» What is needed:
For the data that follows, print the line with "Koronavirüste 1 günde", the line with "Polka.oyoq kiyim shkaf.obuvnitsa", and all lines between them, exactly as they stand. Omit pictures and add nothing.

» Data for the task:
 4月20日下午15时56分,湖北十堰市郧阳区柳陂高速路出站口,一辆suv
---
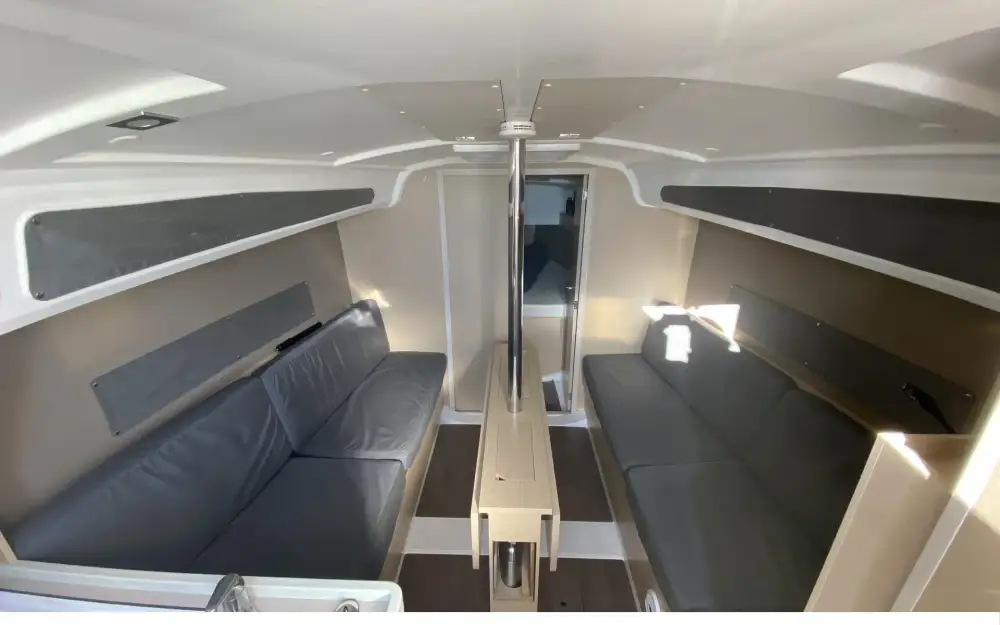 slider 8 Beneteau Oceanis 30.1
---
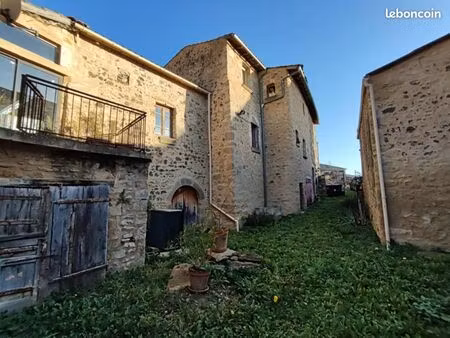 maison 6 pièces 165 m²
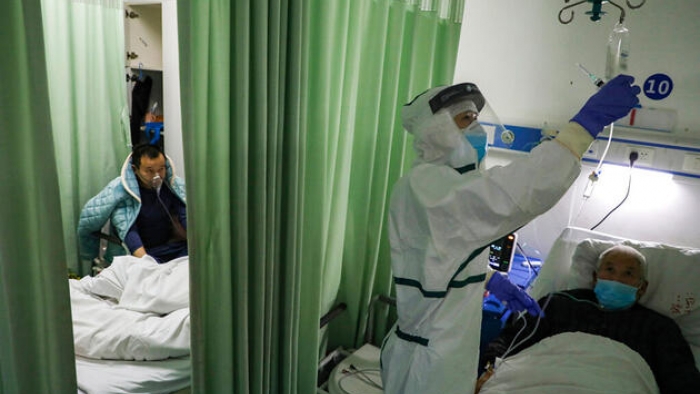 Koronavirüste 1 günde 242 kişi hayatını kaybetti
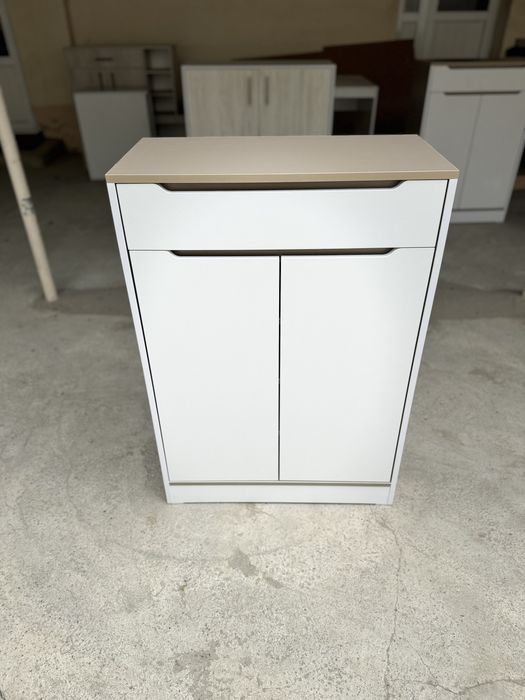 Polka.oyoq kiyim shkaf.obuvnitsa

» Reply:
 Koronavirüste 1 günde 242 kişi hayatını kaybetti
 Polka.oyoq kiyim shkaf.obuvnitsa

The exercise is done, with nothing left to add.